The Second Life Collection
Ms. Bonavita - Board President (New Orleans)
Nina Simone knew about the power of fashion when she said, “I love clothes. If you come out and you look the way you want to look, you will create a mood before you open your mouth and sometimes that can be enough to get your audience in the groove that you want” (Interview by Lilian Terry, July 1968, Voices from the Jazz Dimension) Dressing up for any occasion requires thought but none more than when you are dressing to impress. Dressing for an interview may not feel like dressing for a performance but you are in essence trying to win over your audience. You want them in the palm of your hand.
My Grandpa saved me from law school
This idea of fashion and its ability to influence was not lost on Nancy Lublin, a 20 something law student who remembered her father’s words that he ‘could decide who he was going to hire, by the time he saw them walk from their car to the front of the building’. So, when she got a $5000 check from the estate of her late grandfather - a polish immigrant who worked all his life - she knew she wanted to put that money towards those in need.
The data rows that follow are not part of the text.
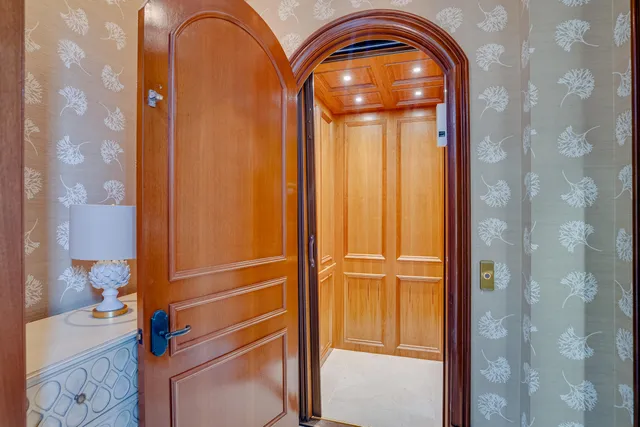 $24,995,000 | 10 Ocean Drive, Vero Beach, FL 32963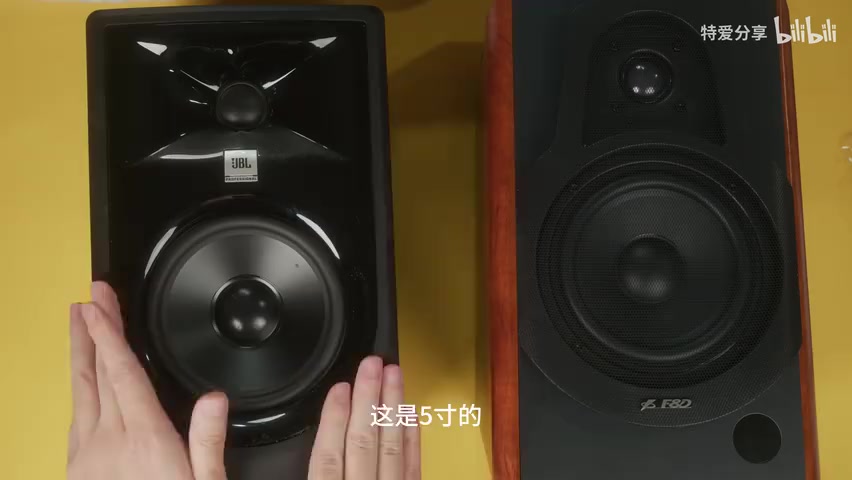 两款音响背面接口对比特写
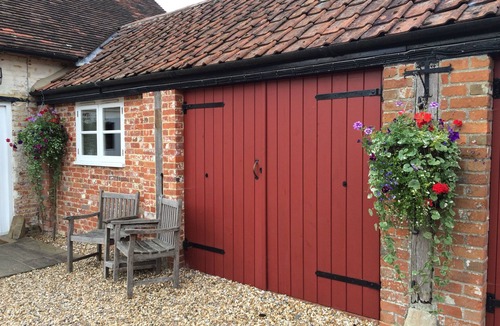 Erlestoke Cottage | The Milk House, beautiful dairy cottage, pet friendly and beautiful views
She shared her idea with her law professor who told her to go see 2 nuns in Spanish Harlem in New York City. Ms. Lublin learnt from these nuns/community workers that they came across many women who didn’t show up for an interview because they didn’t have anything to wear or at times wore their most expensive outfit even if it was inappropriate.
These events were the lead up to the creation of ‘Dress For Success’ – a non-profit global organization that provides free clothes and services for women who need a little help to return or enter the workforce. Ms. Lublin, after many sacrifices and relentless pursuit was able to see her passion project grow from New York to cities across America and even overseas.
A ‘Dress For Success’ affiliate exists in New Orleans, LA and initially this gave me mixed feelings. While it’s great that there is an organization helping women in need, it also points to the sad reality that life can spiral out of control and put us in vulnerable situations, and that even the ‘Big Easy’ is not immune to this harsh reality. Meaghan Bonavita, Lori Byargeon and Brianna Reddeman, along with generous volunteers, are the reassuring face of the New Orleans affiliate. These women continue to work relentlessly towards providing ‘economic independence’ for women who are referred to them by other social service agencies. Ms. Bonavita, the Board President, pointed out that each ‘Dress For Success’ affiliate has to raise its own funds. While key partnerships provide support with products they do not provide financial assistance. They also rely on donations from the community in the form of work appropriate clothes, shoes and accessories and even monetary donations.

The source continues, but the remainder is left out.